Acrylic can be treated as a medium for different additives to obtain the varying quality of finishing.
- Gloss medium: for added sheen and luminosity
- Matte medium: acrylic has a gloss of its own, so a matte medium dims down the paint for a subtle, non-reflective finish.
- Glazing medium: it will make the paint more transparent for subtle layering techniques
- Gel medium: to thicken the paint, so it retains the brushstrokes. It also makes it more cohesive.
The use of watercolors began in cave paintings and has ever since been in use. With the diversity in color, easily blendable, and translucent, the watercolors are used for portraying change of light and are available in endless shades.
They are relatively cheap and long-lasting as they are diluted with a lot of water to change shades on the paper. But they dry quickly, and the only changes that can be worked onto the paper are through water blending or adding more color pigmentation.
When you add white to the watercolors, they become opaque; it’s known as gouache. The brushstrokes are entirely hidden, and it dries in a beautiful matte finish.

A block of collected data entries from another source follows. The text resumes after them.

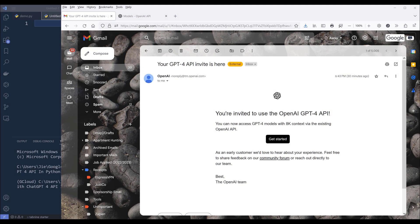Hey, how's it going guys? In this video, we're going to learn how to use ChatGPT-4 API in Python. Today I got the invitation to access the ChatGPT-4 API, and that's what we'll cover — how to use the API real quick in Python.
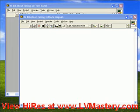Welcome to the next installment of the LV Mastery Tip Jar. We've entitled this installment 'It's All About Timing.' We're going to talk about two fundamental things: first, the timing functions built into LabVIEW, and second, a short diversion into some of the OpenG extensions of those functions.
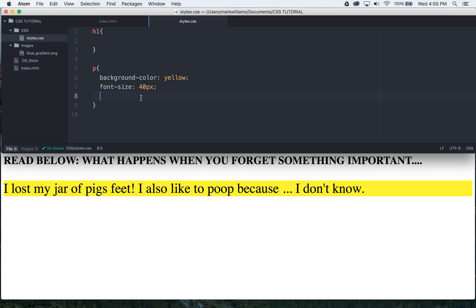I'll just refer to whatever it is, maybe. Today we're gonna be focusing on the p tag here. So I lost a jar of pigs feet, I also like to poop because I don't know.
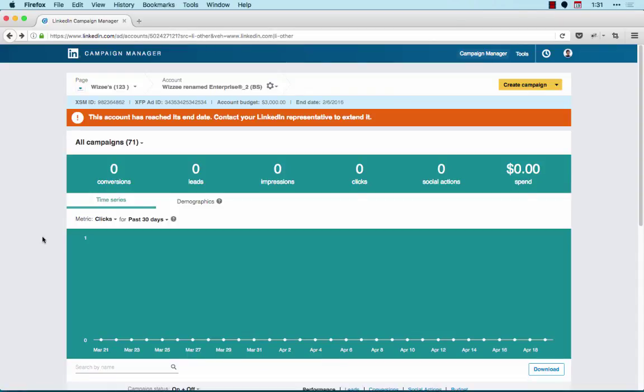In this video, I'm going to walk through how to create audience segments for your LinkedIn campaigns by uploading CSV files of either email addresses or company names.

Sometimes, honey, starch, and acrylic are added to make it a bit more lucid and slow its drying.
It can be thinned out evenly or in thick but smooth strokes according to the artist’s requirements. You can add binders and additives to modify the properties.
Origin traced back to Egypt, the secret lies in mixing the pigments with hot beeswax, which is then used on stones and wood with spatula or brushes. This technique is as ancient as it is complex. It dries quickly, and the artists heat the mix often to work with it.
Color mixing is an imperfect art but with high stakes while painting a picture that is already abstract. The artist uses various means to make a reality out of the things that he perceives. The texture of the paper/canvas, the type of paint, the use of brushes, the specific brushstrokes, the color graph are all very intense combinations to get right. And it comes naturally to those who practice. As a beginner, you are free to work with any medium and stick to it till you become an expert.